A CIA officer in Moscow experienced symptoms of the so-called “Havana syndrome” in 2017. This became known to The New York Times with reference to sources in diplomatic circles.

CIA officer Mark Polimepulos, who helped lead covert operations in Russia and Europe, complained about the manifestation of mysterious symptoms. According to the newspaper, in December 2017, he felt severe dizziness, which later developed into a prolonged migraine, forcing him to retire. At that time, Polymerpoulos was 48 years old.

It is noted that such a case was not the only one. Similar symptoms were experienced by the staff of the American ambassadors in Cuba and China in 2016-2018. However, the exact number of cases and the place where this happened is not named. It is alleged that the US diplomats have tried to influence in a similar way around the world.
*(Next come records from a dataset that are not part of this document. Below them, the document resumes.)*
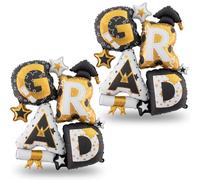 PHOGARY 2 Pcs Graduation Decorations Ballons, Inflatable Grad Foil Balloon for Class of 2026 Celebration Black and Gold Congrats Decorations Party Supplies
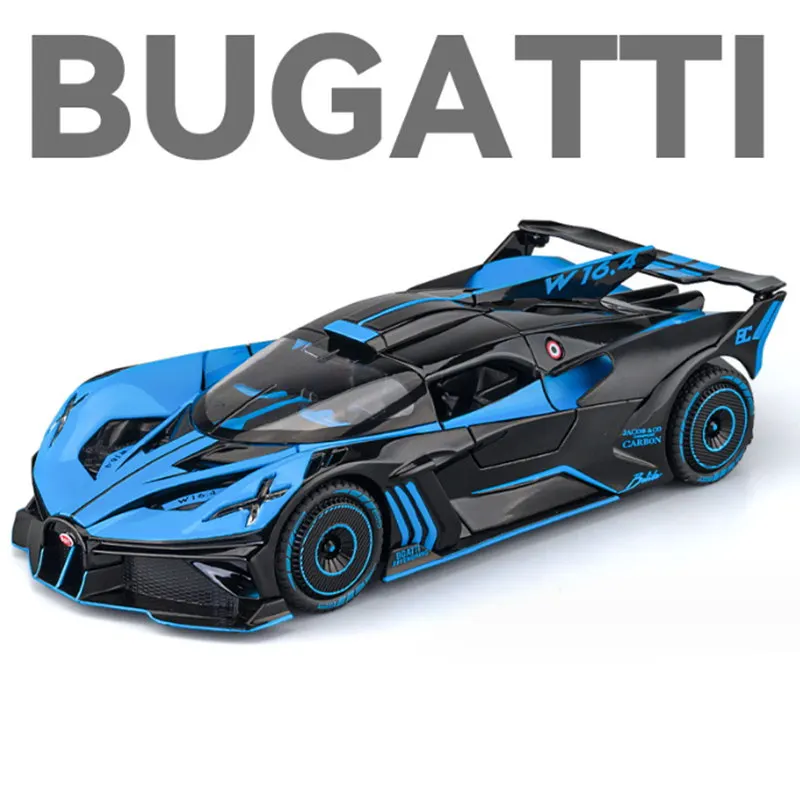 1:24 Bugatti Bolide Alloy Model Car in Blue 9 1:24 Bugatti Bolide Alloy Model Car in Blue - Image 9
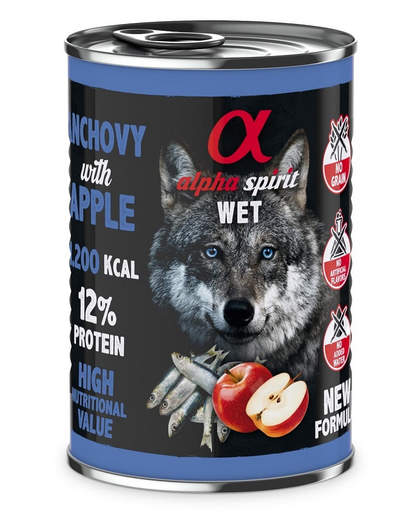 ALPHA SPIRIT Anchois z jabłkiem 400 g mokra karma dla psa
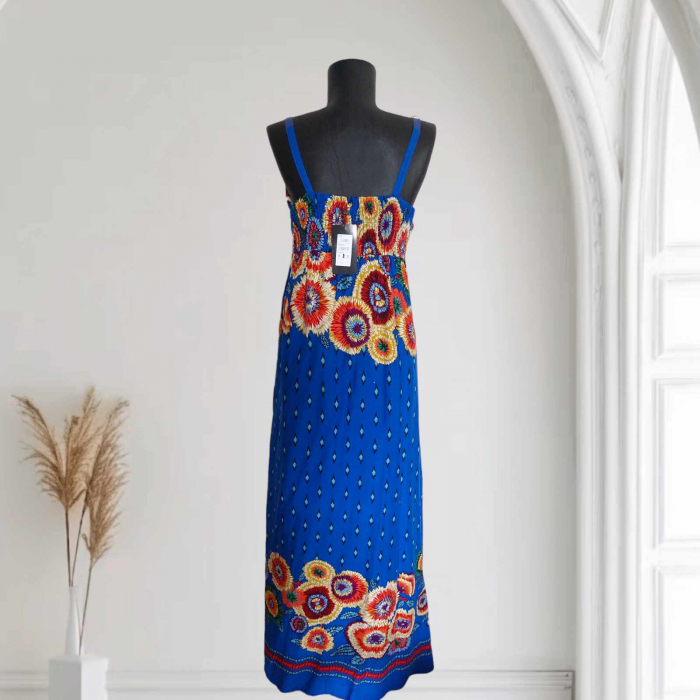 Rochie lunga din bumbac cu  imprimeu floral si bretele piele ecologica [2]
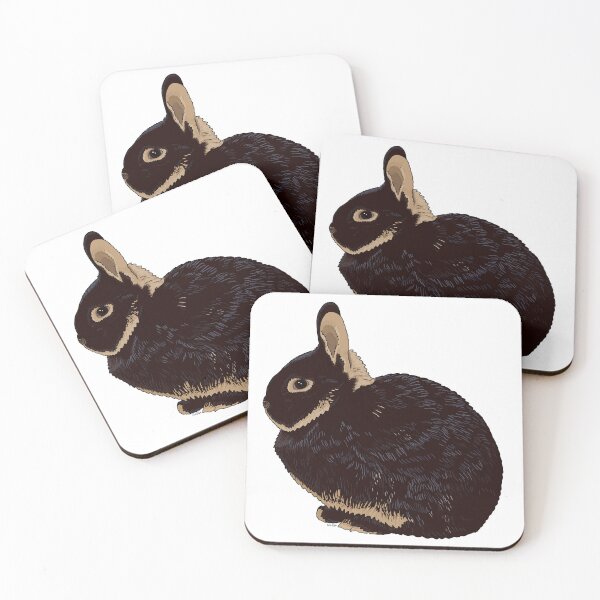 Item preview, Netherland Dwarf Rabbit - Black and Tan Dwarf Rabbit - Dwarf Rabbit designed and sold by EcoElsa.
At the same time, the US State Department was unable to establish an unambiguous reason that caused the “Havana syndrome.” Among other things, it was assumed that the diplomats may have been exposed to an unidentified sound effect.

In 2017, it was reported that, beginning in late 2016, American diplomatic officials and their relatives in Cuba began to complain of symptoms such as hearing loss, nausea, headaches and balance disorder. 

The Associated Press received audio footage of the attack and described the harassing sounds as “the high-pitched sound of crickets combined with fingernails scratching on a board.” Then the American government suggested that Russia or China could be the culprit.

Many victims are still undergoing rehabilitation. Specialists from the University of Pennsylvania performed magnetic resonance imaging and revealed visible changes in the structure of the brain in the diplomatic missions.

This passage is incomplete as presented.